*** Given information ***
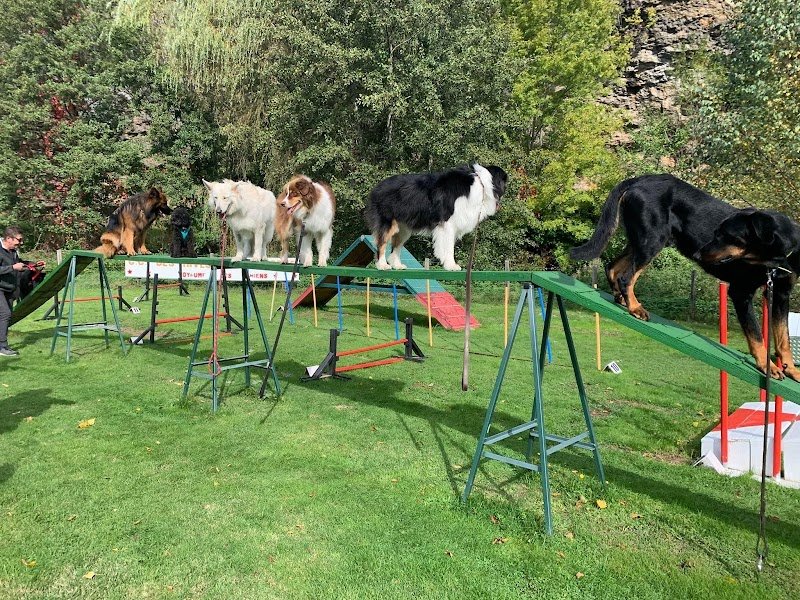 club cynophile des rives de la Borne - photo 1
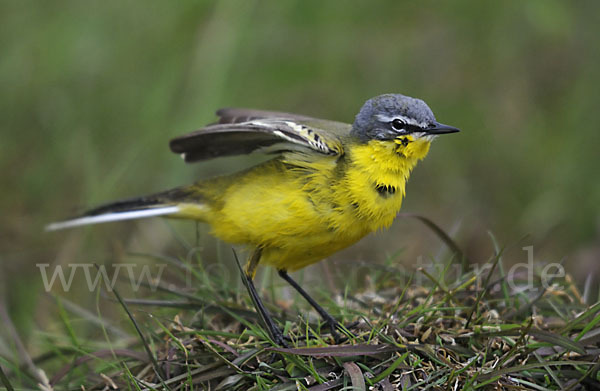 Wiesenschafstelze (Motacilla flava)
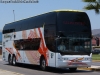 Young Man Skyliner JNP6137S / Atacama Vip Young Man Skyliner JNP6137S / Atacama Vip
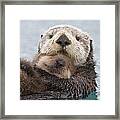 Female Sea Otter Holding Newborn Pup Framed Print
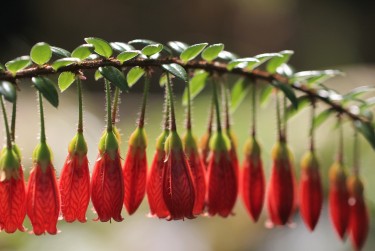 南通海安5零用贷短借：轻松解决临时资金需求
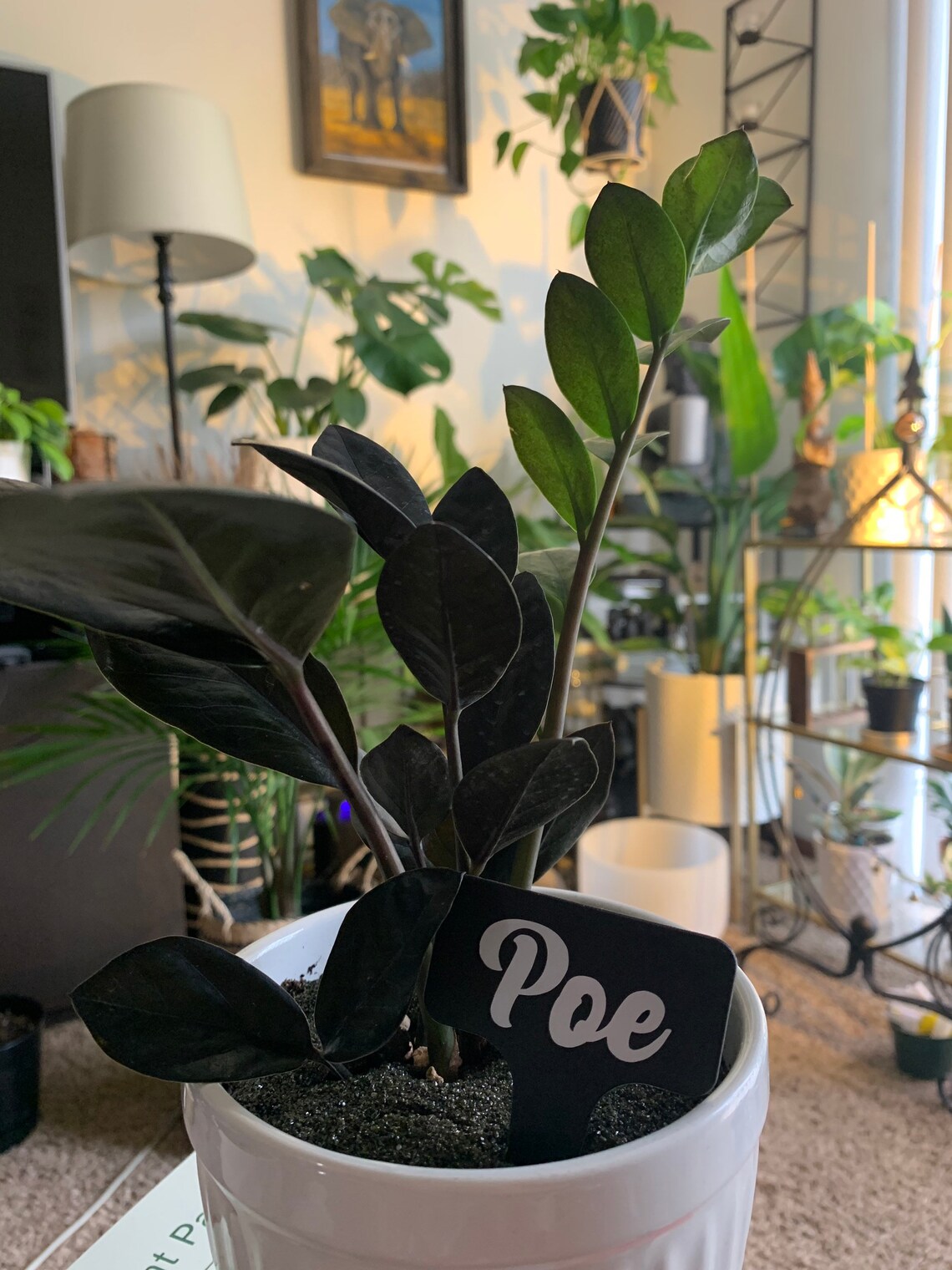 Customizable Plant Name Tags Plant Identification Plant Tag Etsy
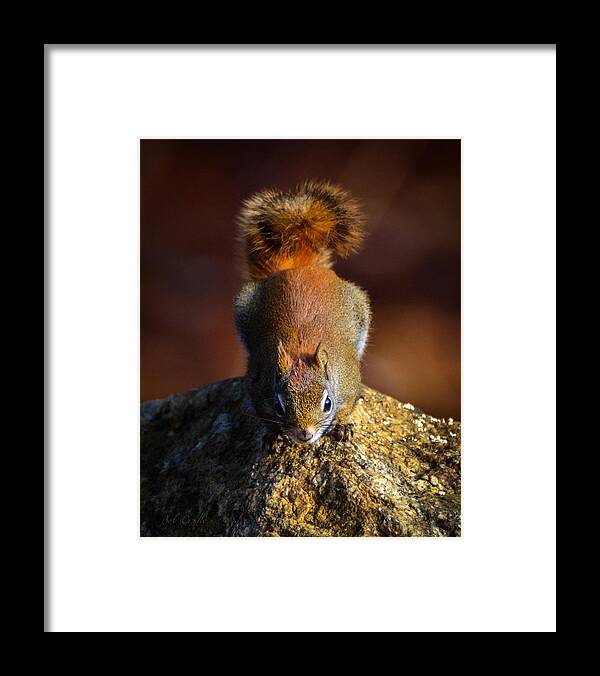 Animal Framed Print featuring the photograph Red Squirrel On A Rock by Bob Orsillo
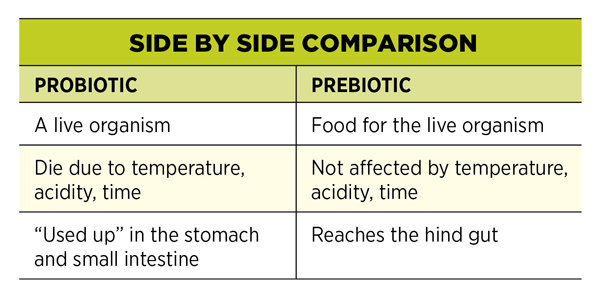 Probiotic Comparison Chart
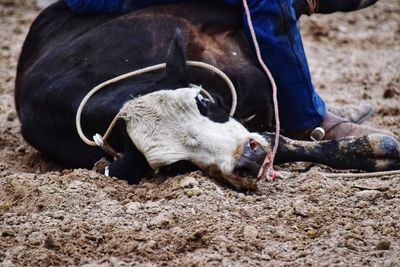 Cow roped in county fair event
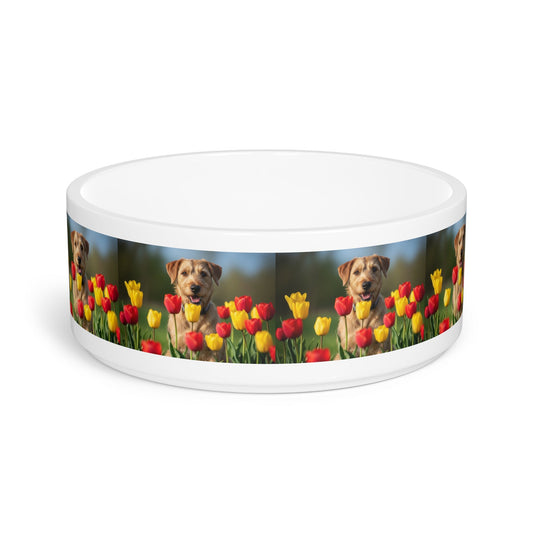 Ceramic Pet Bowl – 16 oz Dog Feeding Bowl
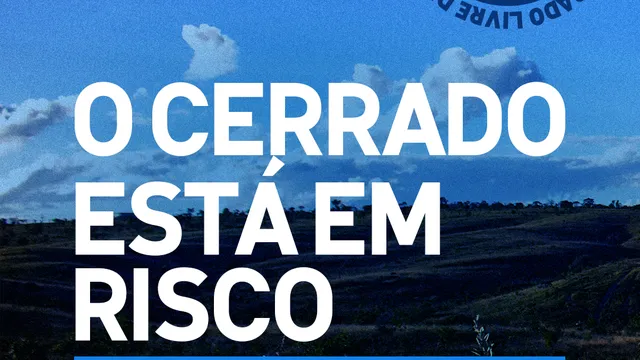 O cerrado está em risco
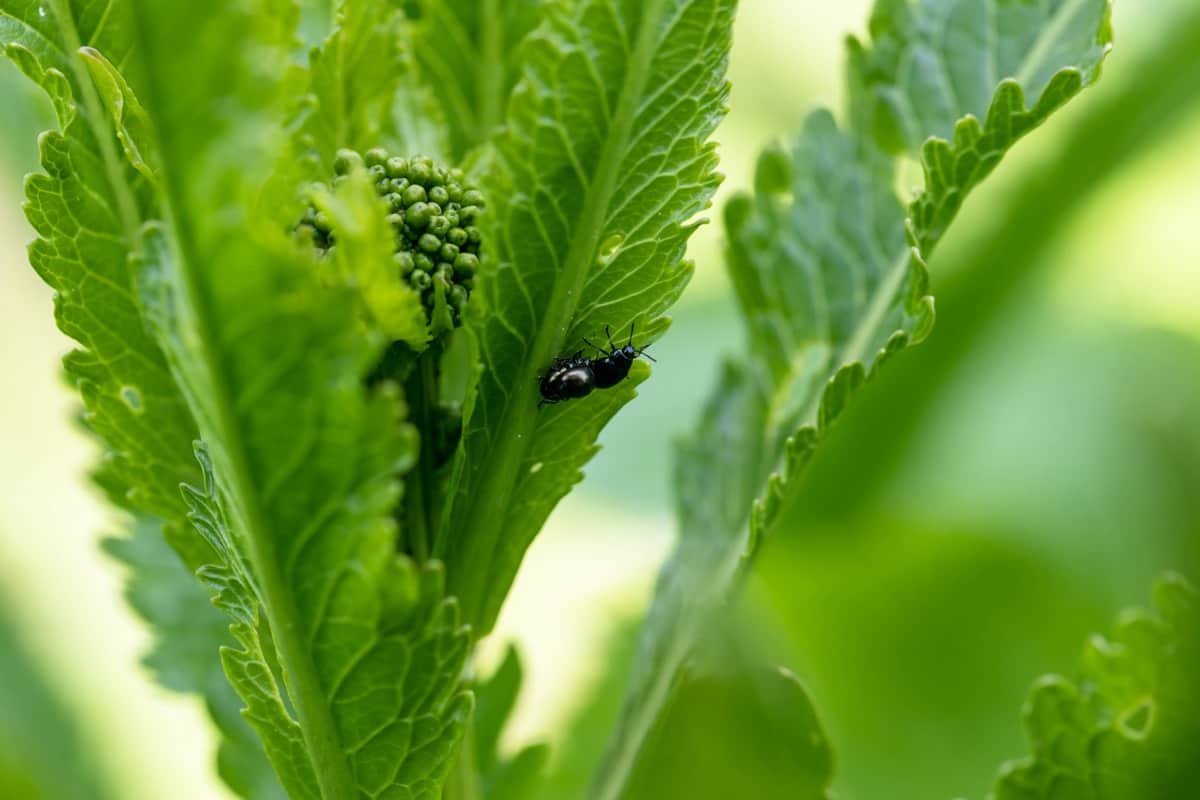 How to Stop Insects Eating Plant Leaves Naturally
*** End of Given information ***
*** Given information ***
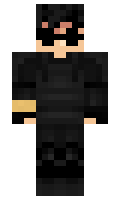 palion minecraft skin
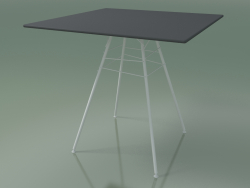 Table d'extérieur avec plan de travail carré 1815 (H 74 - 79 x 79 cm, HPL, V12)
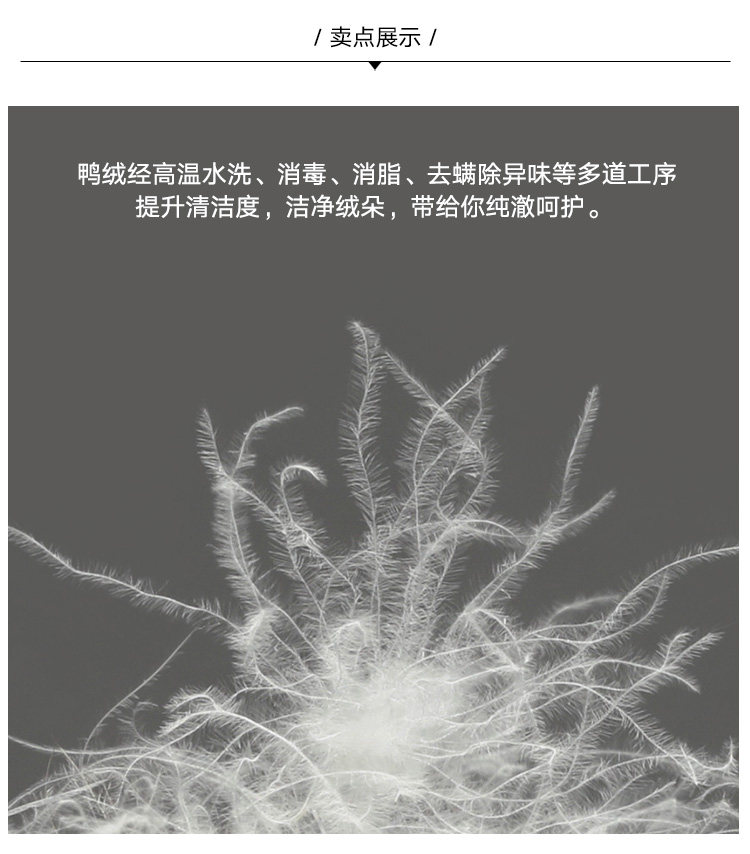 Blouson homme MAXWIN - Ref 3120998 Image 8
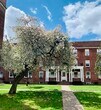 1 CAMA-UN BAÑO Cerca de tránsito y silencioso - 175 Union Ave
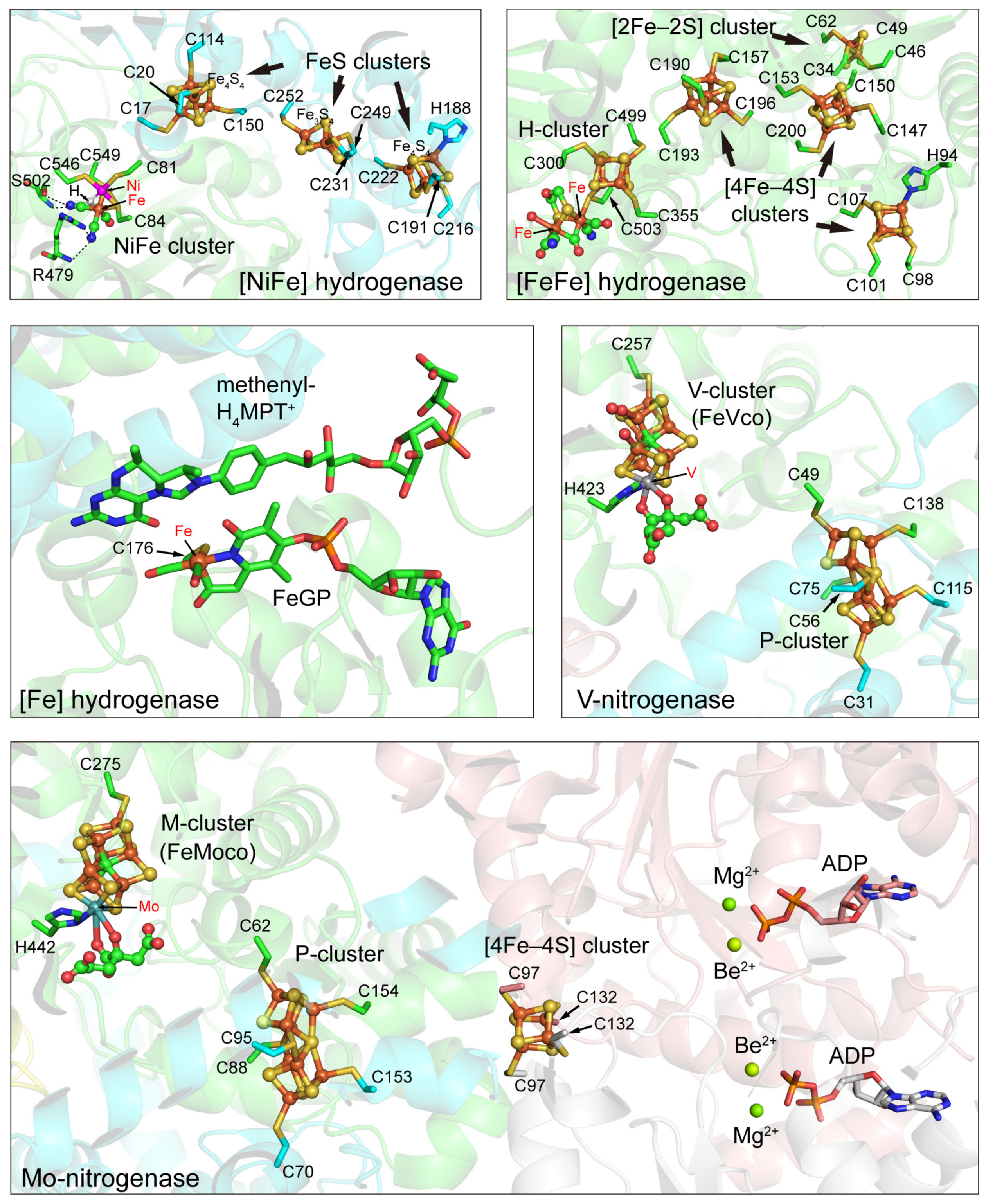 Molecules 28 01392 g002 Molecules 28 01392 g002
*** End of Given information ***
§ **What you need to do**:
Starting at the line containing "南通海安5零用贷短借：轻松解决临时资金需求" and finishing at the line containing "How to Stop", return those lines exactly as they appear above, without the pictures.

§ **Answer box**:
 南通海安5零用贷短借：轻松解决临时资金需求
 Customizable Plant Name Tags Plant Identification Plant Tag Etsy
 Animal Framed Print featuring the photograph Red Squirrel On A Rock by Bob Orsillo
 Probiotic Comparison Chart
 Cow roped in county fair event
 Ceramic Pet Bowl – 16 oz Dog Feeding Bowl
 O cerrado está em risco
 How to Stop Insects Eating Plant Leaves Naturally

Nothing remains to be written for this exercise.